Tuesday, February 15, 2011

How To Save A Life


How To Save A Life

My apologies to The Fray for stealing their song title, but it seemed an appropriate title for this kind of post.

Those of you who have seen me in person in the last few years know that I'm carrying way too much weight. I had it dramatically pointed out to me by a very good friend that whenever I walk around, climb a flight of stairs, get into or out of my car, I am effectively doing it with three 5 gallon water bottles strapped to my back. Hence the new profile picture.

Let me do the math for you: 8 lbs per gallon x 5 gallons x 3 bottles......... Yep 120 lbs more than I should be carting around. It is actually pretty surreal to see those numbers on the screen. With those numbers have come all the side effects, low energy, high blood pressure, high cholesterol, pre-diabetes, never being able to buy clothes at CostCo, frightening children and small animals.

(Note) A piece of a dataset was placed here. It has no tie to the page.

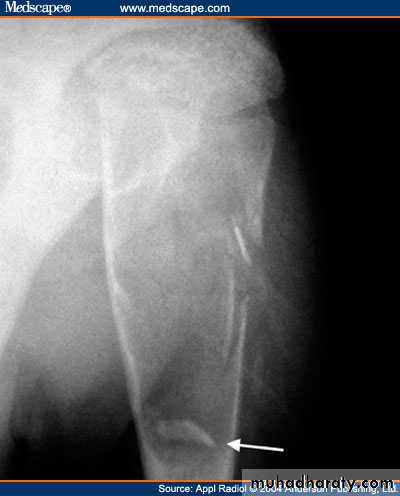 bone tumor2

I wasn't always like this. I weighed 185 when I got married, I spent most of my early 20's in the 170-180 range thanks to an addiction to running on the mission beach boardwalk, an actively utilized membership to what was then called Family Fitness (now 24Hour Fitness,) and the typical young dude on the prowl lifestyle.

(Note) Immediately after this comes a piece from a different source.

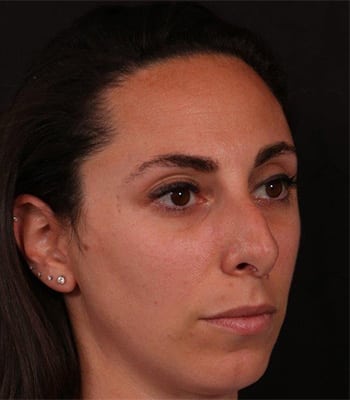 Before Image: Rhinoplasty - right-front-oblique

May 4th 1988 changed that. I was riding my motorcycle back home filled with the euphoria of Kathie saying yes to my proposal of marriage. My mind was a million miles away when the hit-and-run driver rear ended me on the I-5. But for a few strokes of good luck, you wouldn't be subjected to this story today.

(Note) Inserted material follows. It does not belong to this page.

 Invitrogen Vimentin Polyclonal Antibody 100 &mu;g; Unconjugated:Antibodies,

I recovered, but my knees were never the same, and the running that I so enjoyed doing was now out of the picture. I'm not naive enough to try and pin the entire blame for my current state on my inability to run, but humor me and let me at least see it as a catalyst or turning point for the second stage of my life.

Twenties turn into Thirties, and Thirties turn into Forties.......... In the two decades-plus since that accident my weight has crept up. Much like the frog that slowly boils to death in the pot.... Less active lifestyle, affinity for culinary delights of all types, and years of being a road warrior and the drive-through junk food that came with it all playing their part. ...... And guess what those Forties are going to turn into in a little more than a year.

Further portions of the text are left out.